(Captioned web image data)
◆ ◆ ◆

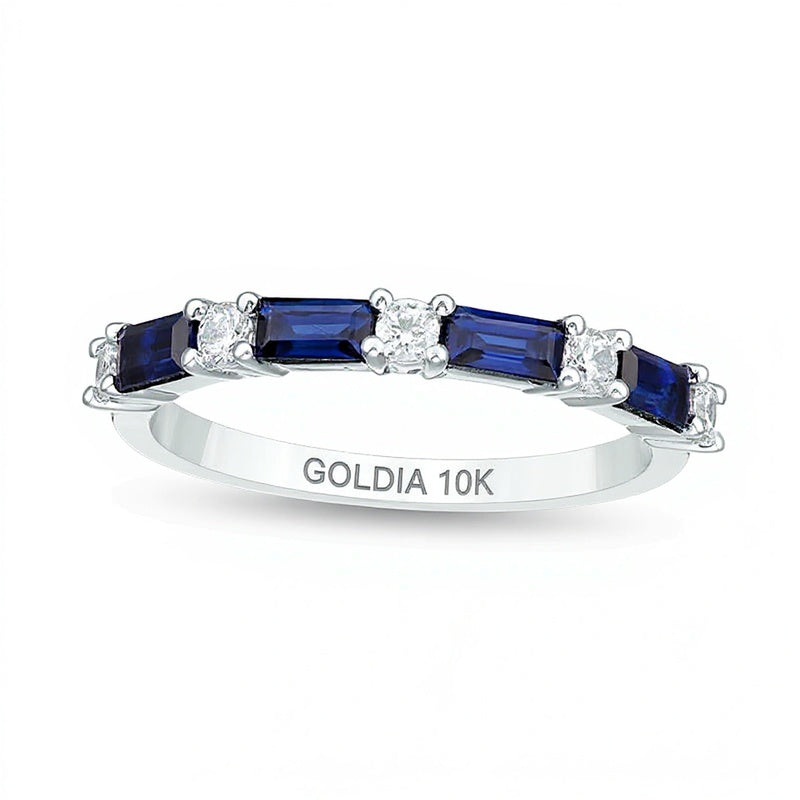 Fashion-Ring mit Baguette-Labor-Saphiren in Blau und 0,2 ct. Gesamtgewicht Diamanten in 10K Weißgold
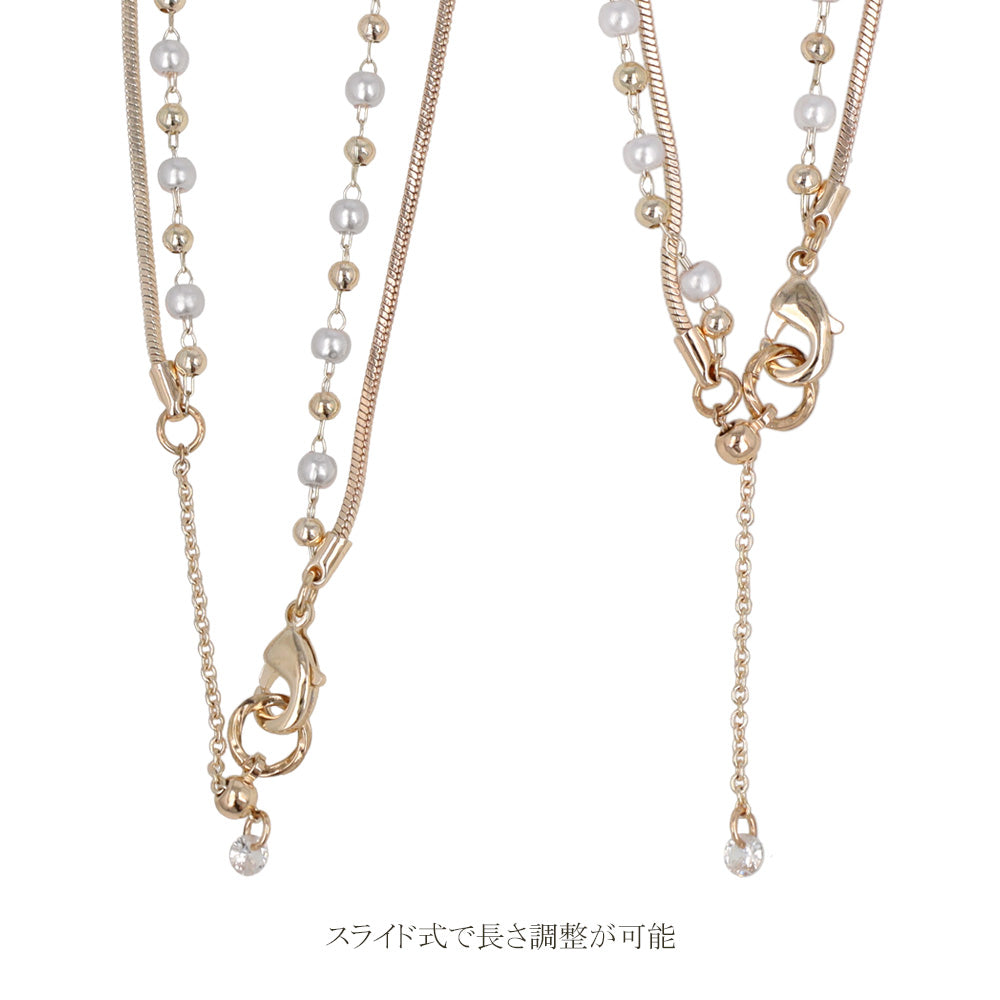 ブレスレット ニッケルフリー ロゼシルバー キュービックジルコニア メタル パール ドット スネークチェーン 2連 スライドボール チェーンブレスレット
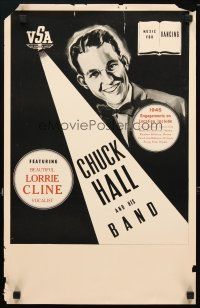 1m545 CHUCK HALL & HIS BAND 14x22 music poster '45 cool artwork of bandleader, music for dancing!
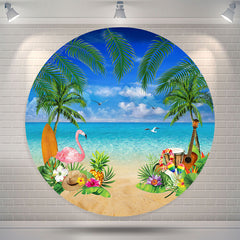Lofaris Hawaii Blue Sky Beach Flamingo Circle Summer Backdrop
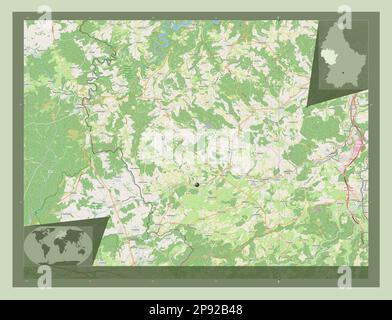 Canton Redange, canton of Luxembourg. Open Street Map. Corner auxiliary location maps Stock Photo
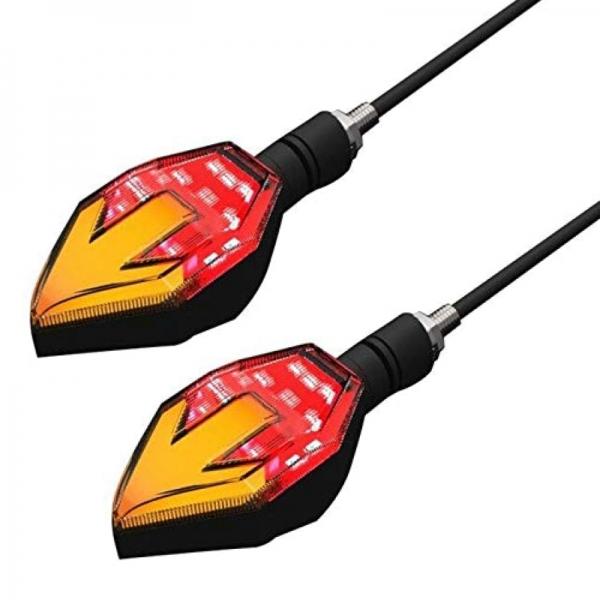 1 Pair Motorcycle LED Turn Signal Arrow Two Color Lamp 150Nk Daytime Running Lamp Glare Light Warning Light 12V - Red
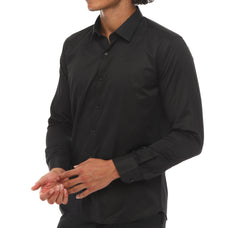 Schwarze Hemden für Herren – einfaches Bügeln aus Stoff, schwarzes Hemd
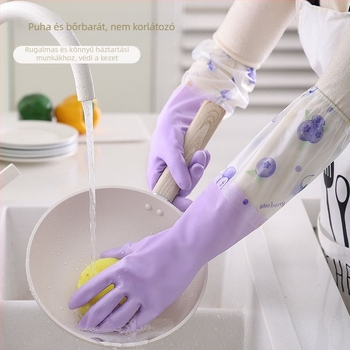 Latex kesztyű fleece-béléssel mosogatáshoz és háztartási munkákhoz, vízálló és tartós, hosszú mandzsetával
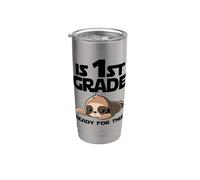 Funny Sloth ¿está listo para esto el primer grado? Regreso a la escuela Vaso térmico de acero inoxidable de doble pared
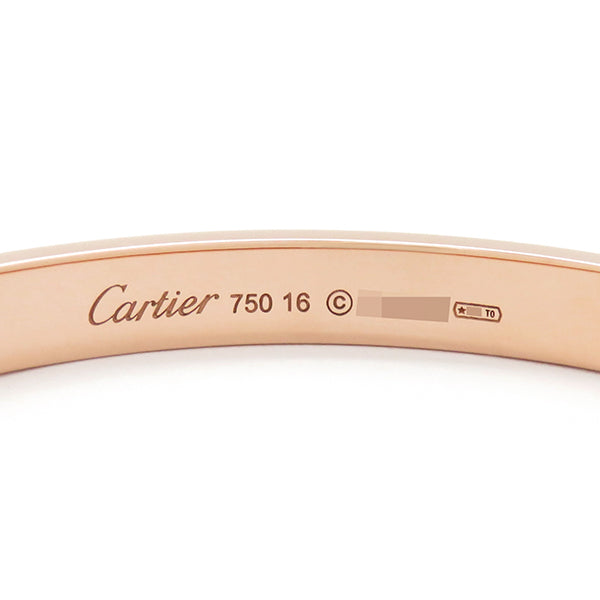 カルティエ Cartier LOVE ラブブレス B6067416 ピンクゴールド K18PG #16 ブレスレット 750 18K 18金 バングル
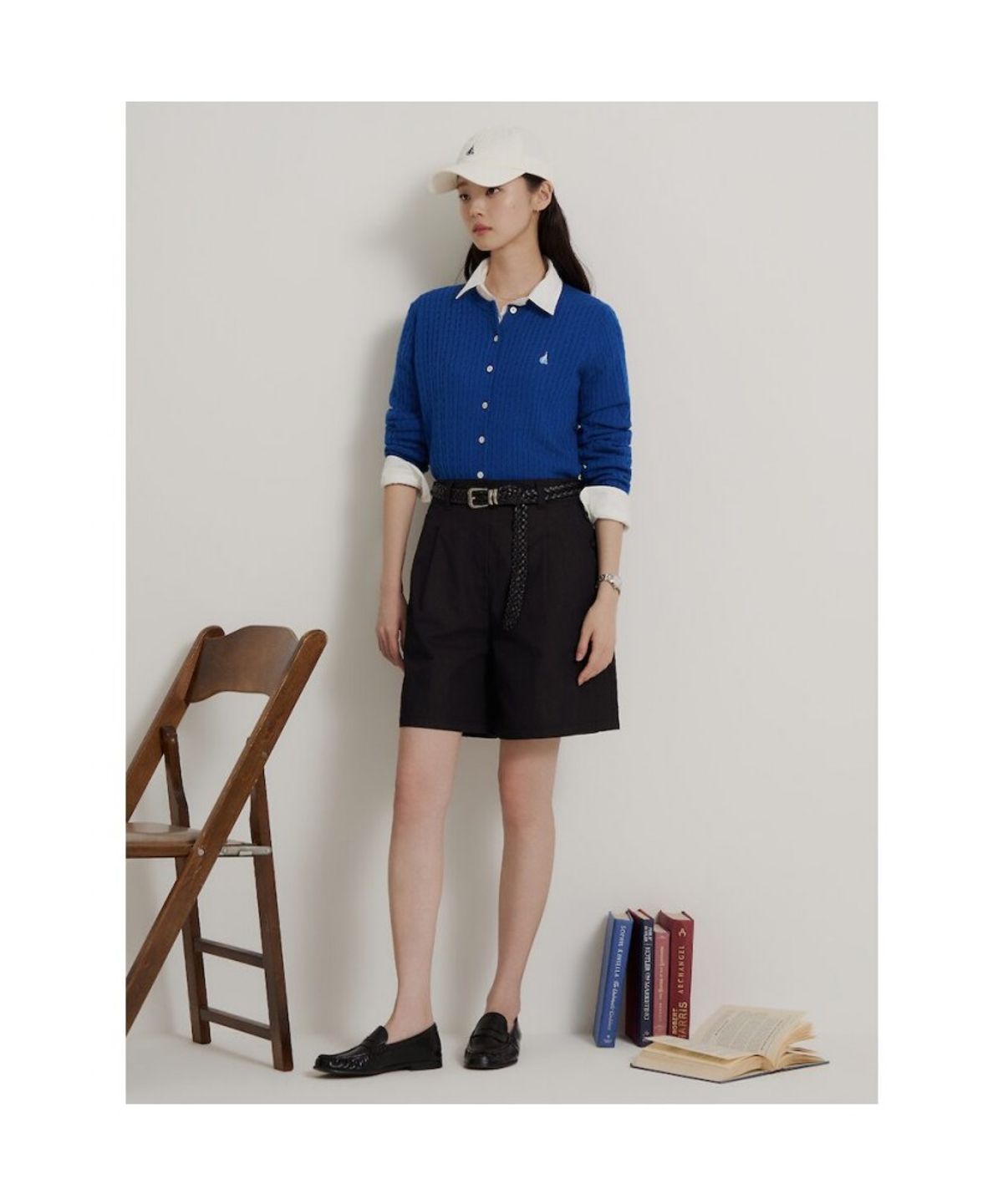 빈폴 레이디스(BEANPOLE LADIES) [Essential] 울 슬림케이블 카디건  블루 (BF685AE06P)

◆ ◆ ◆

Problem to work on. Every line above should be returned exactly; the pictures stay out.

Solution.
 Fashion-Ring mit Baguette-Labor-Saphiren in Blau und 0,2 ct. Gesamtgewicht Diamanten in 10K Weißgold
 ブレスレット ニッケルフリー ロゼシルバー キュービックジルコニア メタル パール ドット スネークチェーン 2連 スライドボール チェーンブレスレット
 1m545 CHUCK HALL & HIS BAND 14x22 music poster '45 cool artwork of bandleader, music for dancing!
Lofaris Hawaii Blue Sky Beach Flamingo Circle Summer Backdrop
 Canton Redange, canton of Luxembourg. Open Street Map. Corner auxiliary location maps Stock Photo
 1 Pair Motorcycle LED Turn Signal Arrow Two Color Lamp 150Nk Daytime Running Lamp Glare Light Warning Light 12V - Red
 Schwarze Hemden für Herren – einfaches Bügeln aus Stoff, schwarzes Hemd
 Latex kesztyű fleece-béléssel mosogatáshoz és háztartási munkákhoz, vízálló és tartós, hosszú mandzsetával
 Funny Sloth ¿está listo para esto el primer grado? Regreso a la escuela Vaso térmico de acero inoxidable de doble pared
 カルティエ Cartier LOVE ラブブレス B6067416 ピンクゴールド K18PG #16 ブレスレット 750 18K 18金 バングル
 빈폴 레이디스(BEANPOLE LADIES) [Essential] 울 슬림케이블 카디건  블루 (BF685AE06P)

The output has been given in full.